* WORKING DATA
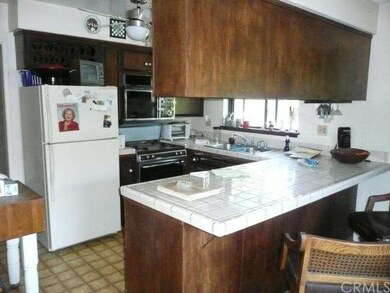 EAT-IN KITCHEN.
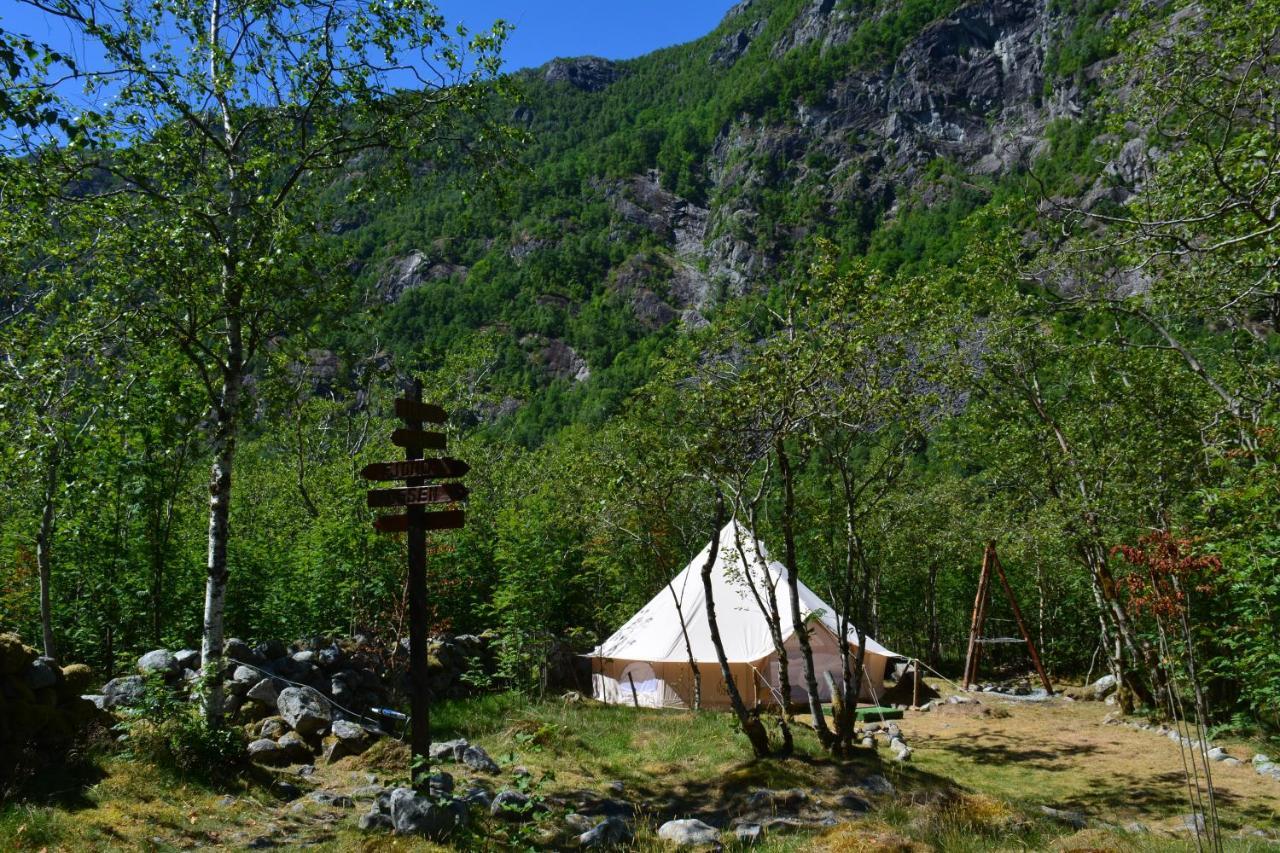 بيت شباب Hardanger Basecamp Osa المظهر الخارجي الصورة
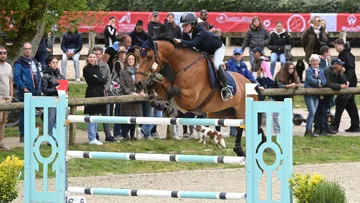 Vainqueur du Grand Prix CSI 3* de Megève l’an dernier, le couple continue d’affirmer son talent, renforçant l’assurance de la jeune cavalière.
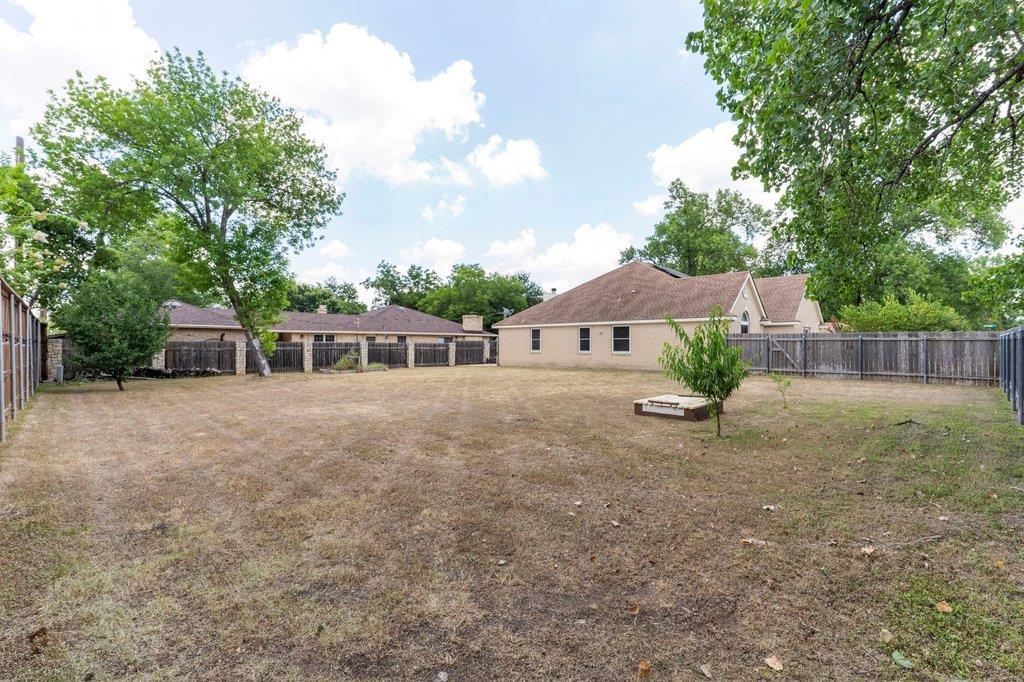 13213 Villa Park DR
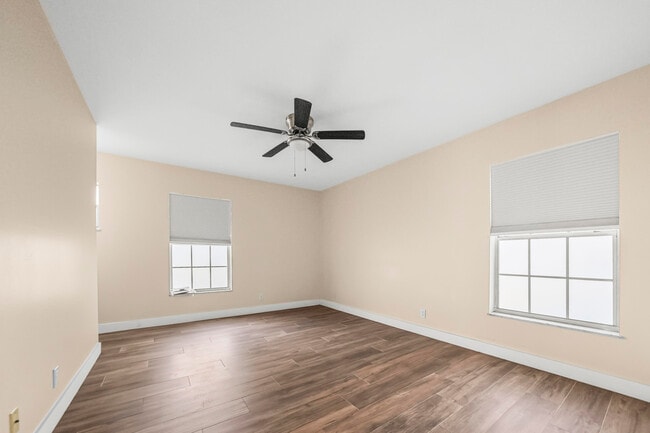 Building Photo - 270 Cape Cod Cir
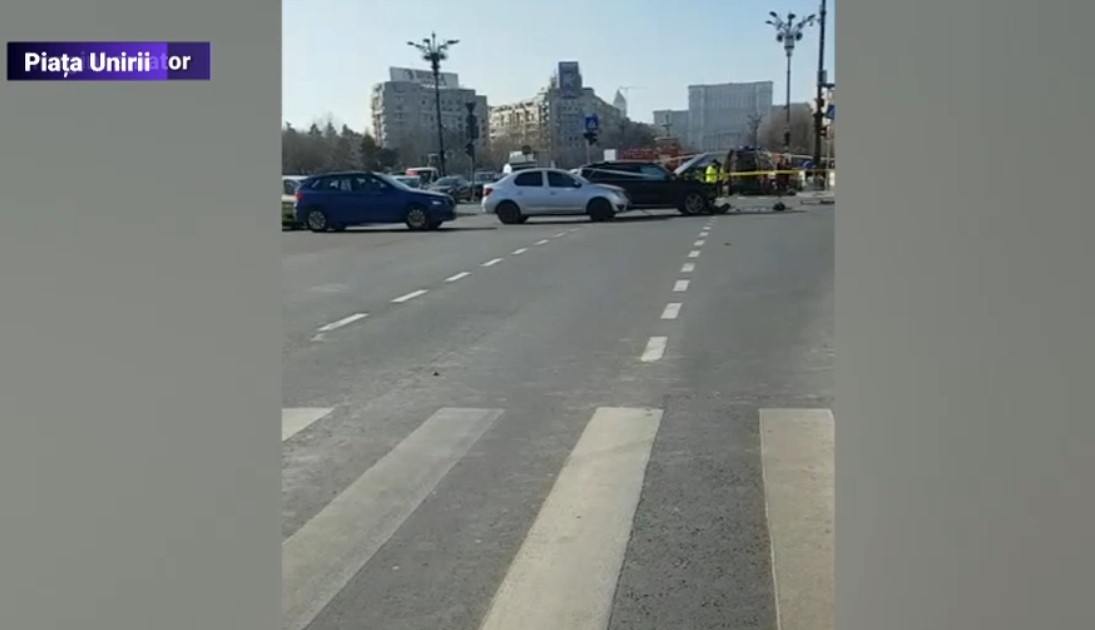 VIDEO Accident la Piața Unirii din București: O mașină s-a răsturnat și a lovit un pieton, după ce s-a ciocnit de un alt autoturism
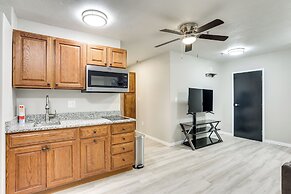 Half-mi to Oakland City Golf Club: Sleek Apartment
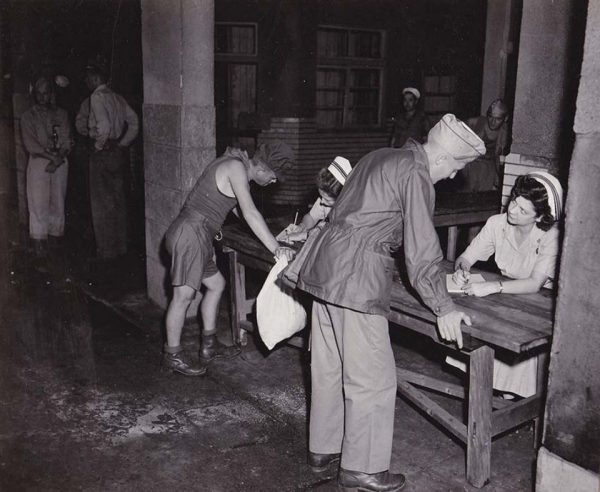 解放の手続きをする捕虜たち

* ACTIVITY
Beginning with the line that holds "VIDEO Accident la", return each line through the end of the records above exactly. Do not include pictures.

* YOUR RESPONSE
 VIDEO Accident la Piața Unirii din București: O mașină s-a răsturnat și a lovit un pieton, după ce s-a ciocnit de un alt autoturism
 Half-mi to Oakland City Golf Club: Sleek Apartment
 解放の手続きをする捕虜たち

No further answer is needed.